├── README.md
└── slurm_manager.py


/README.md:
--------------------------------------------------------------------------------
 1 | # tensorflow_slurm_manager
 2 | working on a cluster manager for TF
 3 | 
 4 | Since graduating from the university that provided a slurm cluster, I no longer have access to a slurm cluster.  Therefore, I haven't been maintaining this code base since Sep 2016.
 5 | 
 6 | Aditionally, I have not tested this on any other slurm clusters apart from https://marylou.byu.edu/.
 7 | There may be environement variable differences that you may need to look into on your specific cluster.
 8 | 
 9 | -----------
10 | 
11 | Long story short, this script should parse the environment variables that slurm sets up on each node it gives you, and build the ClusterSpec from those variables (the generated string needs to be consistant across all nodes).  Furthermore, each computer is responsible for deciding what job/task and task_id, and hopefully that matches up with the cluster_spec string generated.  Those were the guiding thoughts I was having while writing it.  
12 | 
13 | This script will attempt to only assign one parameter server (`ps`) per physical node.  (I do not believe it will support more than one., but it's been a while since I wrote the code).  From there on out, it will start adding worker nodes until there have been enough worker nodes assigned.
14 | 
15 | 


--------------------------------------------------------------------------------
/slurm_manager.py:
--------------------------------------------------------------------------------
  1 | from __future__ import print_function
  2 | import os
  3 | import hostlist
  4 | import tensorflow as tf
  5 | import re
  6 | 
  7 | ## it may be useful to know that slurm_nodeid tells you which node you are one (in case there is more than one task on any given node...)

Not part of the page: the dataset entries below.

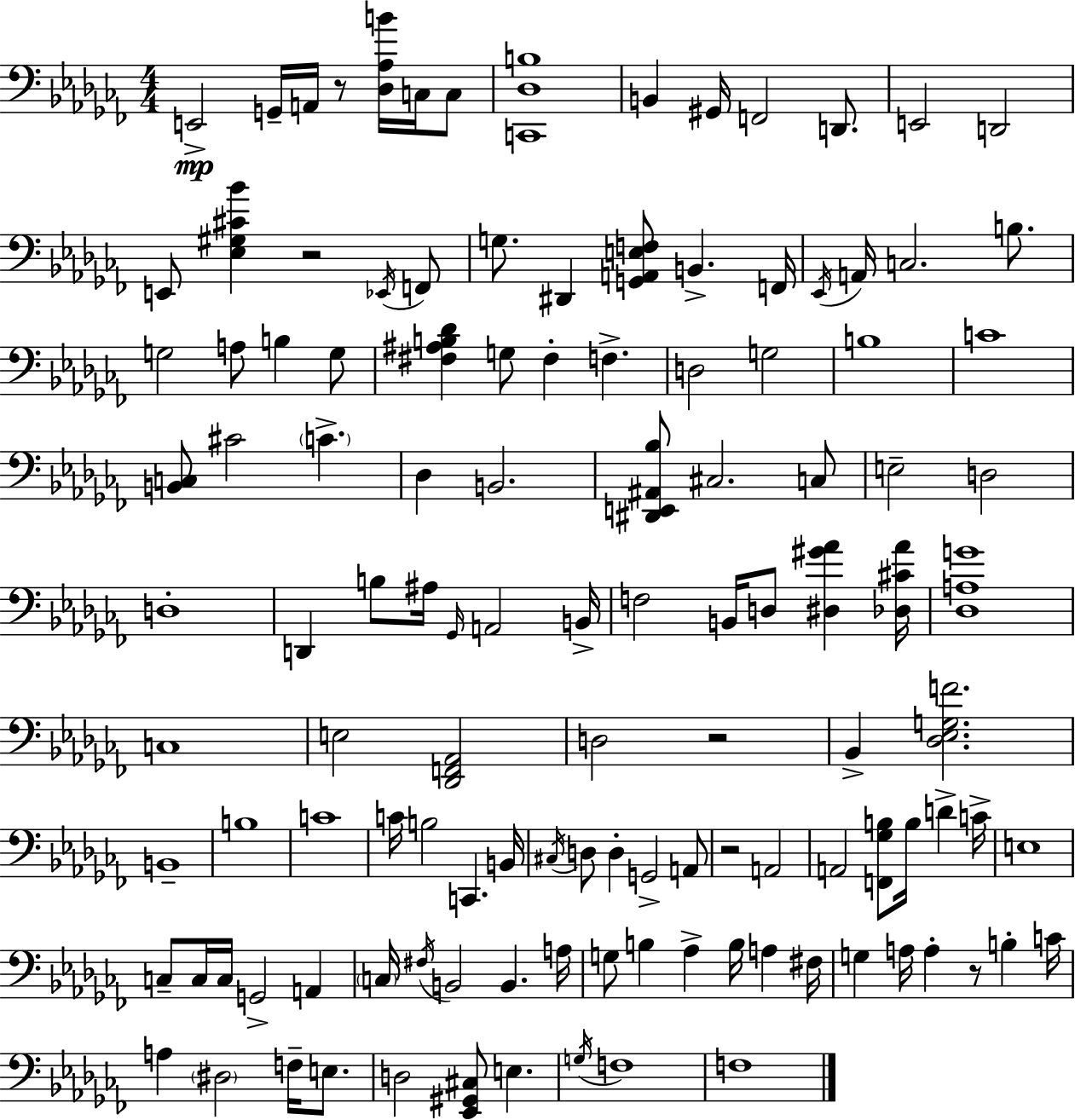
{
  \clef bass
  \numericTimeSignature
  \time 4/4
  \key aes \minor
  e,2->\mp g,16-- a,16 r8 <des aes b'>16 c16 c8 | <c, des b>1 | b,4 gis,16 f,2 d,8. | e,2 d,2 | \break e,8 <ees gis cis' bes'>4 r2 \acciaccatura { ees,16 } f,8 | g8. dis,4 <g, a, e f>8 b,4.-> | f,16 \acciaccatura { ees,16 } a,16 c2. b8. | g2 a8 b4 | \break g8 <fis ais b des'>4 g8 fis4-. f4.-> | d2 g2 | b1 | c'1 | \break <b, c>8 cis'2 \parenthesize c'4.-> | des4 b,2. | <dis, e, ais, bes>8 cis2. | c8 e2-- d2 | \break d1-. | d,4 b8 ais16 \grace { ges,16 } a,2 | b,16-> f2 b,16 d8 <dis gis' aes'>4 | <des cis' aes'>16 <des a g'>1 | \break c1 | e2 <des, f, aes,>2 | d2 r2 | bes,4-> <des ees g f'>2. | \break b,1-- | b1 | c'1 | c'16 b2 c,4. | \break b,16 \acciaccatura { cis16 } d8 d4-. g,2-> | a,8 r2 a,2 | a,2 <f, ges b>8 b16 d'4-> | c'16-> e1 | \break c8-- c16 c16 g,2-> | a,4 \parenthesize c16 \acciaccatura { fis16 } b,2 b,4. | a16 g8 b4 aes4-> b16 | a4 fis16 g4 a16 a4-. r8 | \break b4-. c'16 a4 \parenthesize dis2 | f16-- e8. d2 <ees, gis, cis>8 e4. | \acciaccatura { g16 } f1 | f1 | \break \bar "|."
}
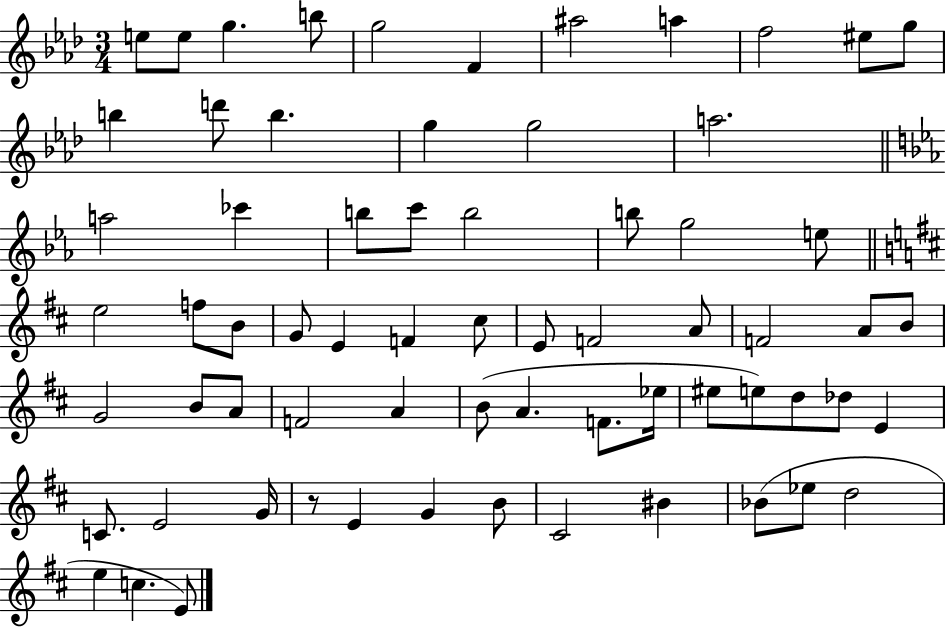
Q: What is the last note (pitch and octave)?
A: E4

  8 | ## Perhaps you could better assign parameter servers be distributed across all nodes before doubleing up on one.
  9 | class SlurmClusterManager():
 10 |     def __init__(self, num_param_servers=1, num_workers=None, starting_port=None):
 11 |         
 12 |         # Check Environment for all needed SLURM varialbes
 13 |         assert 'SLURM_JOB_NODELIST' in os.environ # SLURM_NODELIST for backwards compatability if needed.
 14 |         assert 'SLURM_TASKS_PER_NODE' in os.environ
 15 |         assert 'SLURM_PROCID' in os.environ
 16 |         assert 'SLURM_NPROCS' in os.environ
 17 |         assert 'SLURM_NNODES' in os.environ
 18 | 
 19 |         # Grab SLURM variables
 20 |         self.hostnames = hostlist.expand_hostlist(os.environ['SLURM_JOB_NODELIST']) # expands 'NAME1(x2),NAME2' -> 'NAME1,NAME1,NAME2'
 21 |         self.num_tasks_per_host = self._parse_slurm_tasks_per_node(os.environ['SLURM_TASKS_PER_NODE']) # expands '1,2(x2)' -> '1,2,2'
 22 |         self.my_proc_id = int(os.environ['SLURM_PROCID']) # index into hostnames/num_tasks_per_host lists
 23 |         self.num_processes = int(os.environ['SLURM_NPROCS'])
 24 |         self.nnodes = int(os.environ['SLURM_NNODES'])
 25 | 
 26 |         # Sanity check that everything has been parsed correctly
 27 |         assert len(self.hostnames) == len(self.num_tasks_per_host)
 28 |         assert len(self.hostnames) == self.nnodes
 29 |         assert self.num_processes == sum(self.num_tasks_per_host)
 30 | 
 31 |         # Numbber of PS/Workers
 32 |         # Note: I'm making the assumption that having more than one PS/node
 33 |         #       doesn't add any benefit.  It makes code simpler in self.build_cluster_spec()
 34 |         self.num_parameter_servers = min(num_param_servers, len(self.hostnames))
 35 |         if num_workers is None:
 36 |             # Currently I'm not using num_workers'
 37 |             # TODO What happens to num_workers once I allocate less PS than they requested?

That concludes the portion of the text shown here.